● **About this exercise**
Copy each line below word for word and drop every image.

======== The data

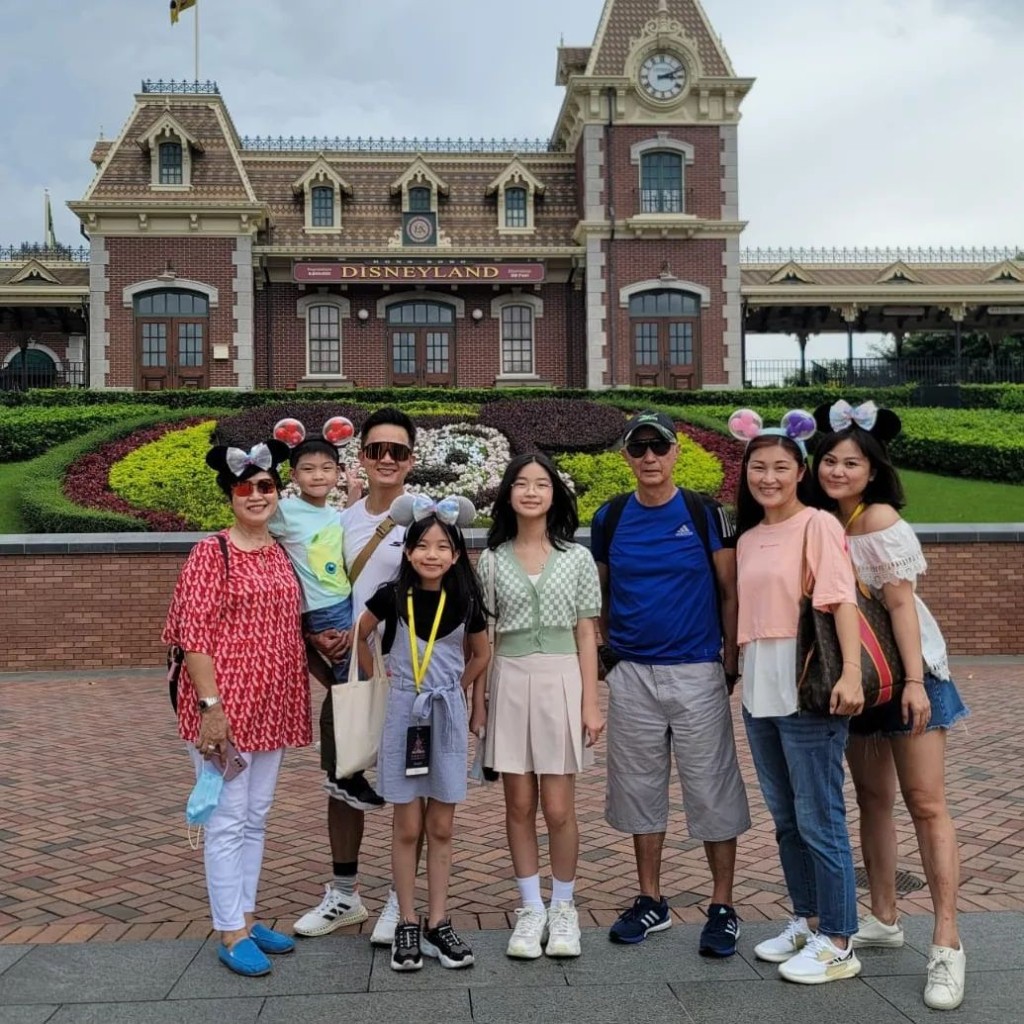 一家五口經常一同外出。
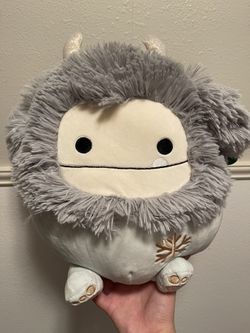 Squishmallows Evita the Bigfoot 12” Christmas Edition 2022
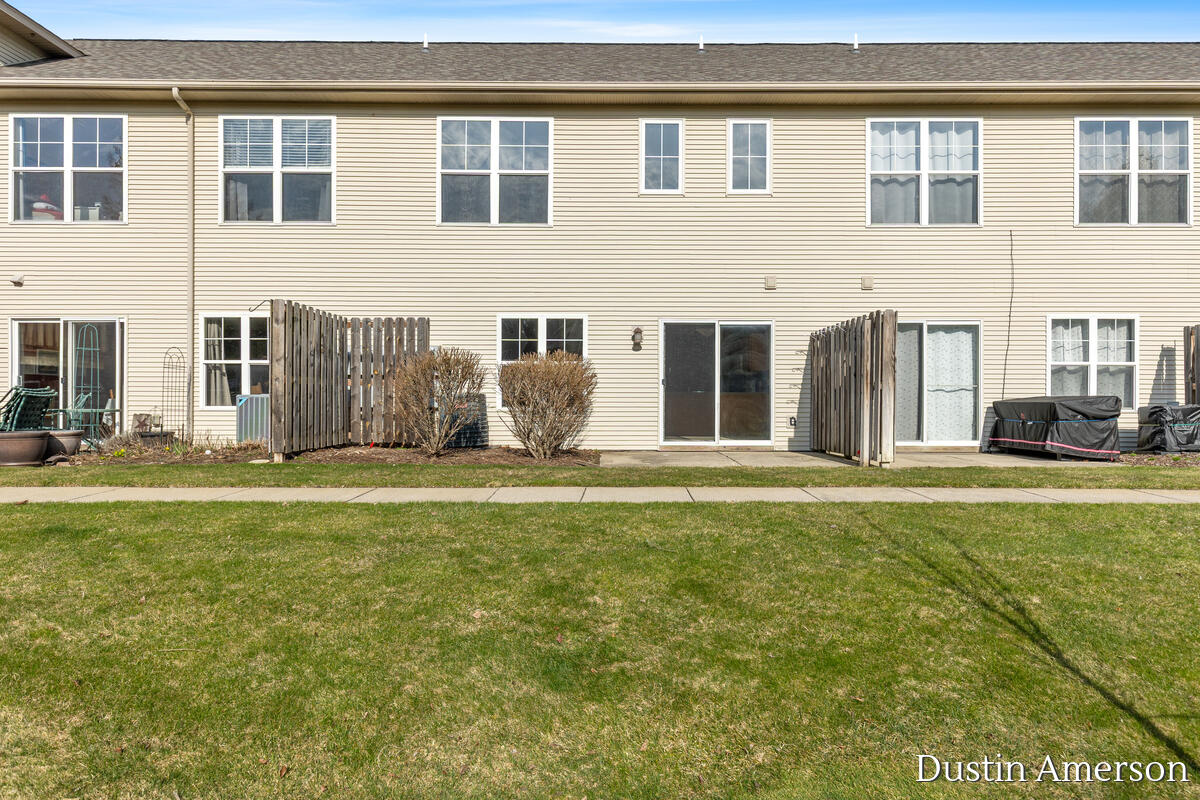 8468 N Center Park Drive UNIT&nbsp;4, Byron Center, MI, 49315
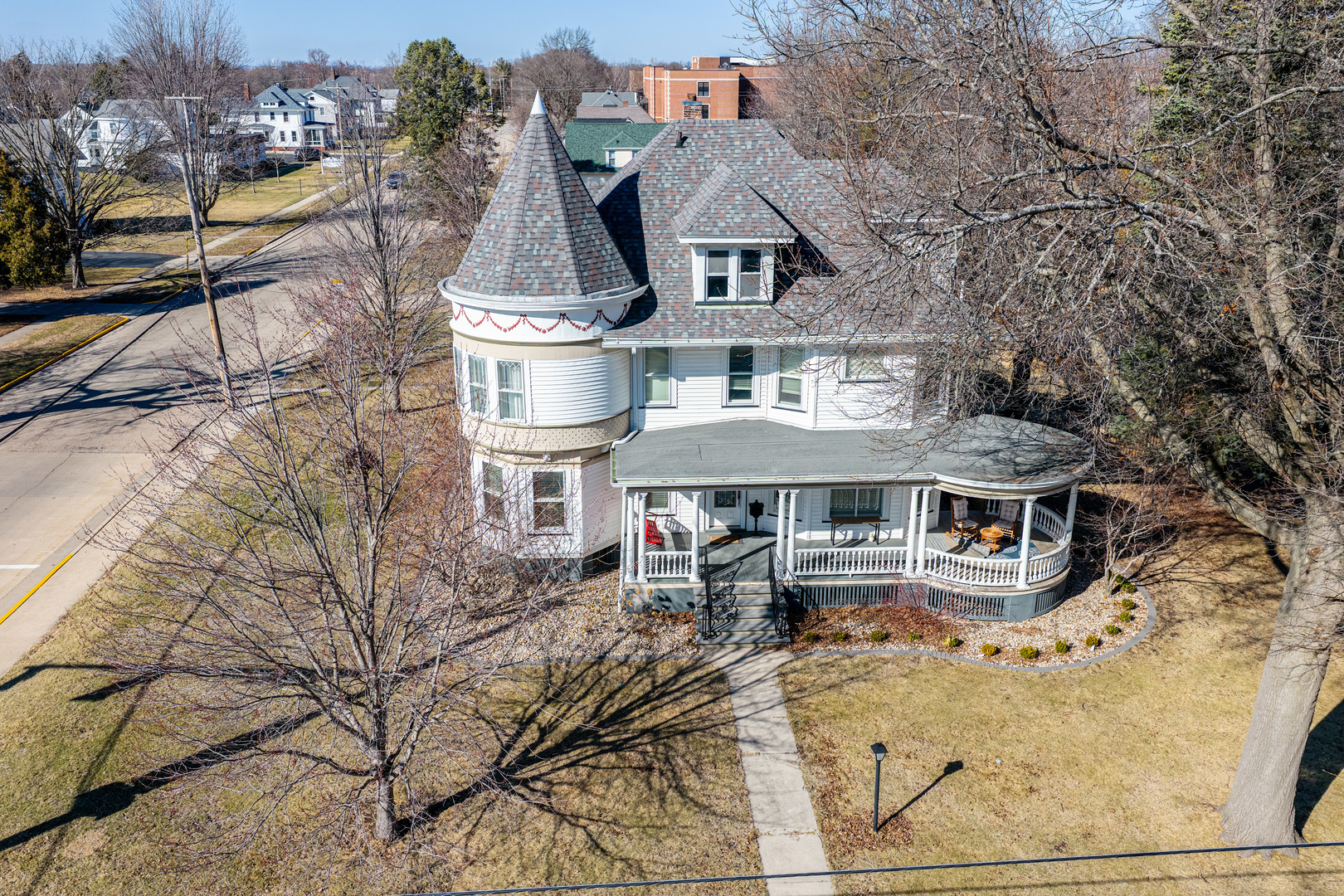 405 E Peru Street, Princeton, IL 61356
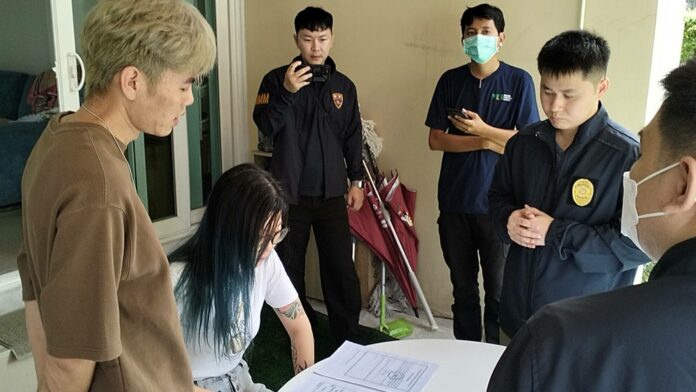 Police arrest a Chinese couple accused of running a fraud scheme in Pattaya.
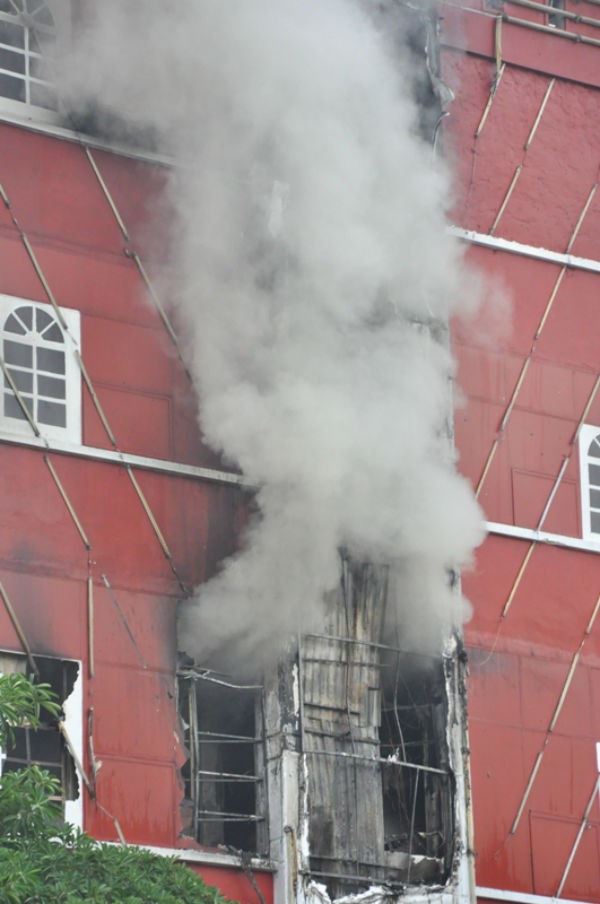 Chùm ảnh: Lửa bốc cháy dữ dội tại quán karaoke ở Hà Nội  4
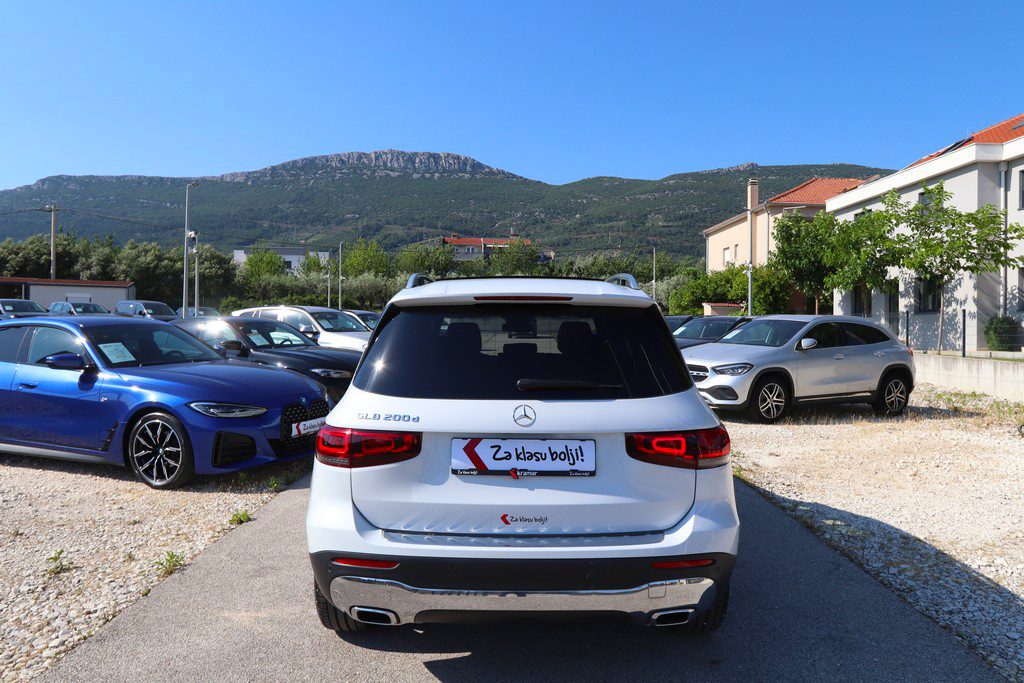 2021 Mercedes-Benz GLB Progressive — fotografija 22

================

● **Response area**
 一家五口經常一同外出。
 Squishmallows Evita the Bigfoot 12” Christmas Edition 2022
 8468 N Center Park Drive UNIT&nbsp;4, Byron Center, MI, 49315
 405 E Peru Street, Princeton, IL 61356
 Police arrest a Chinese couple accused of running a fraud scheme in Pattaya.
 Chùm ảnh: Lửa bốc cháy dữ dội tại quán karaoke ở Hà Nội  4
 2021 Mercedes-Benz GLB Progressive — fotografija 22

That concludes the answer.